▶ _Study material_
+--

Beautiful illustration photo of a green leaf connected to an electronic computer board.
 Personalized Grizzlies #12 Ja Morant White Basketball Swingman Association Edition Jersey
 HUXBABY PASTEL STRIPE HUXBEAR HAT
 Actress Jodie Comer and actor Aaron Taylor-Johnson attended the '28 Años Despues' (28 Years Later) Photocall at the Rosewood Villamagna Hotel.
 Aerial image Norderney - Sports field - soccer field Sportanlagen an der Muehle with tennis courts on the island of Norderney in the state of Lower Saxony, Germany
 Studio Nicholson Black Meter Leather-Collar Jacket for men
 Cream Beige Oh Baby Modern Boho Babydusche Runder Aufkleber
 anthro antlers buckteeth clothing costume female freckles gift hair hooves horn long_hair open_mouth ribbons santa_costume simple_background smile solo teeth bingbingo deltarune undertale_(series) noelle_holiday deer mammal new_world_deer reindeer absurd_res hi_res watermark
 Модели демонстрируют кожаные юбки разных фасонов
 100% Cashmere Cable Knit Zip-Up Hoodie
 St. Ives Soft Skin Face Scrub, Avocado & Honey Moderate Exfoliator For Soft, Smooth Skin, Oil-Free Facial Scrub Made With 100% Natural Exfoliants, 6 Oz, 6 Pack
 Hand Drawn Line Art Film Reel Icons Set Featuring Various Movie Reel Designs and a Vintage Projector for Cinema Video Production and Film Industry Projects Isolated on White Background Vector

+--

▶ _What to do_
If a line in the entries above has the word "White", copy it.

▶ _Your solution_
 Personalized Grizzlies #12 Ja Morant White Basketball Swingman Association Edition Jersey
 Hand Drawn Line Art Film Reel Icons Set Featuring Various Movie Reel Designs and a Vintage Projector for Cinema Video Production and Film Industry Projects Isolated on White Background Vector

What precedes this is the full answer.